K2 has included the Chief Executive Officer, Chief Financial Officer and Chief Operating Officer certifications regarding K2’s public disclosure required by Section 302 of the Sarbanes-Oxley Act of 2002 as Exhibits 31.1, 31.2 and 31.3 to this report. Additionally, the certification of the Chief Executive Officer required by the New York Stock Exchange Listing Standards, Section 303A.12(a), relating to K2’s compliance with the New York Stock Exchange Corporate Governance Listing Standards, was submitted to the New York Stock Exchange on April 18, 2005.

 

Inherent Limitations on Effectiveness of Controls

 

K2’s management, including the Chief Executive Officer, Chief Financial Officer and Chief Operating Officer, does not expect that its disclosure controls and procedures or internal control over financial reporting will prevent or detect all error and all fraud.
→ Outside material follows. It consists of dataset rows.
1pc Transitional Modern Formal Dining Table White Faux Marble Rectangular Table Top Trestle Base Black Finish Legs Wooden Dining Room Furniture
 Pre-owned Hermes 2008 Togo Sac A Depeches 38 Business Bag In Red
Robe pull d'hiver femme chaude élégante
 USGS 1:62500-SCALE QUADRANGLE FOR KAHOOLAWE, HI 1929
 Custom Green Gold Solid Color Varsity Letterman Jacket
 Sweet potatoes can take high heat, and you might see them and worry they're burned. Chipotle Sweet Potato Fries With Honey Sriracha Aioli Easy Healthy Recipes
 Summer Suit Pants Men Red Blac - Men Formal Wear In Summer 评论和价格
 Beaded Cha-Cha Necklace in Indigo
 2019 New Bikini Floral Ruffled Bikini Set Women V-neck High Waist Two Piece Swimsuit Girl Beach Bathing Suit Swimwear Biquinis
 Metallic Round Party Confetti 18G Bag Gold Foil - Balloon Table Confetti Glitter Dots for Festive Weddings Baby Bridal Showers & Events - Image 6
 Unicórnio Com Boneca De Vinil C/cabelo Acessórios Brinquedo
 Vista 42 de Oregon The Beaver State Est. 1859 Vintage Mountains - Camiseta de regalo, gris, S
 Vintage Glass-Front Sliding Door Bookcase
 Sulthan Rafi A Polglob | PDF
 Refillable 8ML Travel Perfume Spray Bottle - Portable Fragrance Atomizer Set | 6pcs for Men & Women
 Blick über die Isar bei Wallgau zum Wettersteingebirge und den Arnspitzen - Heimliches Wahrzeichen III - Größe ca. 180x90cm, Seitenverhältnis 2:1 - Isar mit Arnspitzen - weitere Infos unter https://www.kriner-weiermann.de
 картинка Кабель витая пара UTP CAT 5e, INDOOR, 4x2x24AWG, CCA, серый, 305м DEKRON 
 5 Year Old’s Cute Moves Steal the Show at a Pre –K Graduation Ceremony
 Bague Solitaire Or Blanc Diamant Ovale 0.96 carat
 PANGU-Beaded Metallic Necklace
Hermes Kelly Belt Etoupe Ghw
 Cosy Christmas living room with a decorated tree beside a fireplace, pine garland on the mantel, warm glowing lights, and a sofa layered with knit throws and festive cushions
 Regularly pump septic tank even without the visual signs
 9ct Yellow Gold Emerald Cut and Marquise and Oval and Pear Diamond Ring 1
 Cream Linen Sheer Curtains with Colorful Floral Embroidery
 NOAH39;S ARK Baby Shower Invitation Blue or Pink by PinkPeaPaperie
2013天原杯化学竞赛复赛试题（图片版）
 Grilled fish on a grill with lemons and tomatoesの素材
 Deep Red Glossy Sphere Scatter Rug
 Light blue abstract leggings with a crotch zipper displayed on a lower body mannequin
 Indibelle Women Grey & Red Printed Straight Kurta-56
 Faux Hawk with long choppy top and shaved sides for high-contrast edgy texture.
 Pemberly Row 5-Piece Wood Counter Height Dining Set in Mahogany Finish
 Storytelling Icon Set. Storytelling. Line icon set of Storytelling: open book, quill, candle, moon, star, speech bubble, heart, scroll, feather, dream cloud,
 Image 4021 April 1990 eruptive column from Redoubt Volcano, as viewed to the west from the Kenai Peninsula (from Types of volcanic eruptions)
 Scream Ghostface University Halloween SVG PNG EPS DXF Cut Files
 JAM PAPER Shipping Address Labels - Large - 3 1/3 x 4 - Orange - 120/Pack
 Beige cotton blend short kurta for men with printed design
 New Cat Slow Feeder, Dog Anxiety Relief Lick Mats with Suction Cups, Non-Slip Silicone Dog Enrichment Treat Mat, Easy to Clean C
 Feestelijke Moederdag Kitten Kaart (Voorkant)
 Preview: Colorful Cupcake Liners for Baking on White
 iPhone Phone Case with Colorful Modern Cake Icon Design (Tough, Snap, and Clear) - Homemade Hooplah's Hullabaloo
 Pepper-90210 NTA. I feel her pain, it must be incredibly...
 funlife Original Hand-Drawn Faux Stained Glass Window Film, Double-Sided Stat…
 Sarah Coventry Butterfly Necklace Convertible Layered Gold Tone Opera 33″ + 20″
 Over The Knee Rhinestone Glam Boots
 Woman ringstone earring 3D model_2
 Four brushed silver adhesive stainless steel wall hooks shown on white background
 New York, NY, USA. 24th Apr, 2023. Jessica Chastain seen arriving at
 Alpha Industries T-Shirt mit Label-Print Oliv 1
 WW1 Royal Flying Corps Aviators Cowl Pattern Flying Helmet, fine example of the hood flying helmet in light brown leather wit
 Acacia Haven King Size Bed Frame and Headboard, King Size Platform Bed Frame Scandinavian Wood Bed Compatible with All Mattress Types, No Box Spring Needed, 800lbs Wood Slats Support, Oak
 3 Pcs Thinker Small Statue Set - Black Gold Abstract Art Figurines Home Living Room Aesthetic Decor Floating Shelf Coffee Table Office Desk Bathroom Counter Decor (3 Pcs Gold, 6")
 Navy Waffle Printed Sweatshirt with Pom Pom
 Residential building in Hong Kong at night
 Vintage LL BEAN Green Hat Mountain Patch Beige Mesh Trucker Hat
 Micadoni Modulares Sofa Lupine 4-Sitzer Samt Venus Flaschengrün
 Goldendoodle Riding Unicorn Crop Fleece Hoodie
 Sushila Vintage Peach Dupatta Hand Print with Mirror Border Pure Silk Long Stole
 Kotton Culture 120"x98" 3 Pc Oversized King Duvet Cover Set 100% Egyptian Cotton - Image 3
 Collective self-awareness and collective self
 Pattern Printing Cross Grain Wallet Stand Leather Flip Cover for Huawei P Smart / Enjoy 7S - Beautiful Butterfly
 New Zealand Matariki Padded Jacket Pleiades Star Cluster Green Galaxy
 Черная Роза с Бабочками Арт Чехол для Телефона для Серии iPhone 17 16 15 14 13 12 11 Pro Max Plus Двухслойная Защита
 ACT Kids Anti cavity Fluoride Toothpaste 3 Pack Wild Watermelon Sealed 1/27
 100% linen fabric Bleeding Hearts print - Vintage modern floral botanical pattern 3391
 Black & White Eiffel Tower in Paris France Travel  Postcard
A control system, no matter how well designed and operated, can provide only reasonable, not absolute, assurance that the control system’s objectives will be met. The design of a control system must reflect the fact that there are resource constraints, and the benefits of controls must be considered relative to their costs. Further, because of the inherent limitations in all control systems, no evaluation of controls can provide absolute assurance that misstatements due to error or fraud will not occur or that all control issues and instances of fraud, if any, within K2 have been detected. These inherent limitations include the realities that judgments in decision-making can be faulty and that breakdowns can occur because of simple error or mistake. Controls can also be circumvented by the individual acts of some persons, by collusion of two or more people, or by management override of the controls. The design of any system of controls is based in part on certain assumptions about the likelihood of future events, and there can be no assurance that any design will succeed in achieving its stated goals under all potential future conditions. Projections of any evaluation of controls effectiveness to future periods are subject to risks. Over time, controls may become inadequate because of changes in conditions or deterioration in the degree of compliance with policies or procedures. Furthermore, an important part of K2’s growth strategy has been, and will likely continue to be, the acquisition of complementary businesses, and the process of integrating new businesses into K2’s control system may hinder the effectiveness of K2’s overall disclosure controls.

 

ITEM  9B. OTHER INFORMATION

 

Subject to the satisfactory completion of the audit of Ernst & Young for fiscal year 2005 as referred to in their report, the Compensation Committee of the Board of Directors of K2 authorized and approved payments of cash incentive compensation for fiscal year 2005 and increases in the annual salaries for fiscal year 2006 for each of K2’s named executive officers. Pursuant to such authorization and approval, Richard J. Heckmann, Chairman of the Board and Chief Executive Officer, will receive $595,000 in incentive compensation for fiscal year 2005 and will receive an annual base salary of $755,000 for fiscal year 2006; J. Wayne Merck, President and Chief Operating Officer, will receive $260,000 in incentive compensation for fiscal year 2005 and will receive an annual base salary of $620,000 for fiscal year 2006; Dudley W. Mendenhall, Senior Vice President and Chief Financial Officer, will receive $140,000 in incentive compensation for fiscal year 2005 and will receive an annual base salary of $325,000 for fiscal year 2006; John J. Rangel, President—K2 Inc. European Operations, will receive $140,000 in incentive compensation for fiscal year 2005 and will receive an annual base salary of $310,000 for fiscal year 2006; and Monte H. Baier, Vice President, General Counsel and Secretary, will receive $125,000 in incentive compensation for fiscal year 2005 and will receive an annual base salary of $280,000 for fiscal year 2006.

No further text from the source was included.